‘Sudanese doctors, unite against abuse’: Khartoum medic
A Sudanese doctor has called on doctors in the country to unite in order to provide better services to patients and ensure a conducive and safe working environment, following a shooting incident at a hospital in Khartoum and a number of abuses against doctors in Darfur.
A Sudanese doctor has called on doctors in the country to unite in order to provide better services to patients and ensure a conducive and safe working environment, following a shooting incident at a hospital in Khartoum.
Dr Sayed Ginat spoke to Radio Dabanga in reaction to an incident in which a medical director and two nurses were shot in a ward in Bahri hospital in the Sudanese capital city on Sunday evening. “The colleagues of the doctor who got shot, bear witness that he is dedicated and that he had done his best in the patient’s treatment.”
The hospital’s administration has issued an order to the staff to refuse receiving patients with non-urgent conditions. “Because it has sensed that the problem is serious this time.”

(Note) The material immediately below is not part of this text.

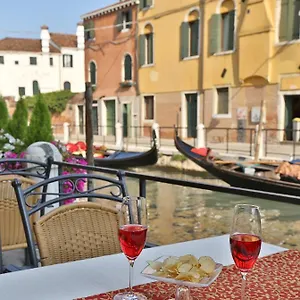 2* Affittacamere Casa Burchielle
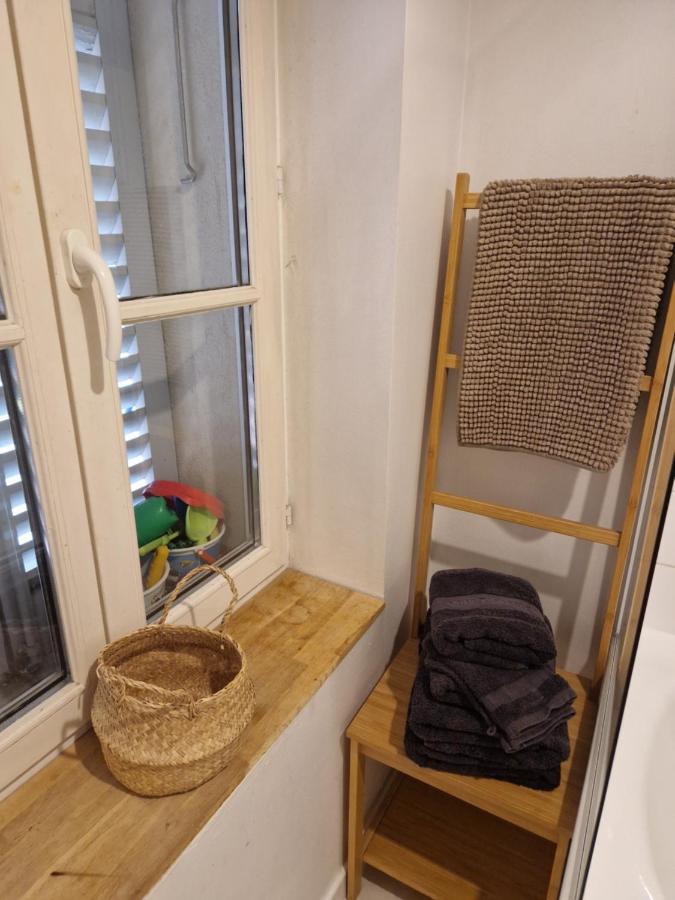 2 Pieces Dans Le Centre Avec Petite Terrasse 3*** Apartment Marseille Exterior photo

Ginat did not rule out that the person who opened fire is working for the regular forces, because similar violence against medical staff involved regular forces. He pointed to the Central Reserve Police member in a recent incident in El Fasher Teaching Hospital. Radio Dabanga reported today that a policeman assaulted a medical director in Central Darfur on Sunday.
Regarding the reaction of the authorities of the Ministry of Health and of the Doctors’ Union, Ginat said that the Ministry’s press statement praised the security unit at the Bahri hospital more than it condemns the shooting.
He described the union as “a purely professional one that has nothing to do with the rights and interests of doctors. This body has replaced the legitimate union of doctors.”
Ginat claimed that the working environment in Sudanese hospitals has become “repulsive”: “Most of the doctors are now working out of humanitarian motives. Many of them are thinking of migrating.”